By Tara Kyle
CHELSEA — Even as they fight for fiscal survival, leaders of a debt-ridden Episcopal seminary are tackling a second battle — soothing years of tensions with their Chelsea neighbors.
For over 150 years, the General Theological Seminary (GTS), the world's oldest Anglican institution of its kind, has maintained a quiet, grass-covered enclave within the borders of Ninth and Tenth avenues and 20th and 21st streets. But last week, debts totaling $41 million forced the sale of several properties inside the campus and across the street to luxury residential developer the Brodsky Organization.
"The pain of selling assets for our trustees is as painful as it gets," interim president Reverend Lang Lowrey said as he presented GTS' financial "Plan to Choose Life" at a crowded community meeting Tuesday night.
"Churches don't always run great businesses. … We're trying to build a better business," Lowrey added.
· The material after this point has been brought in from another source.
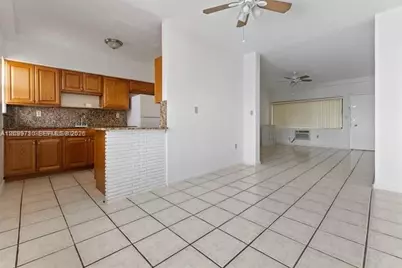 1165 Marseille Dr #22, Miami Beach, FL 33141 - Photo 4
The sale is sparking concerns because it includes landmarked properties and a building where apartments are rented to members of the public, who now fear possible eviction.
But Lowrey, a Georgia transplant brought on just four months ago to help bring the Seminary back to solvency, is also confronting a history of strained neighborhood relations. These stem from a controversial 2007 plan to erect a 17-story tower on campus, and the status of the Desmond Tutu Conference Center, which some Chelsea residents believe is operated more like a hotel than as a resource for non-profits.
Lowrey asserted that the Tutu Center, operated by Aramark, is a conference center for events concerned with peace and justice.
"We market only to non-profit activities," Lowrey said.
However, some audience members disagreed and responded with a chorus of "that's not true." Sandy Rosin, a 22nd Street resident, pointed out that the Tutu Center's top Google search result points to a listing at Booking.com.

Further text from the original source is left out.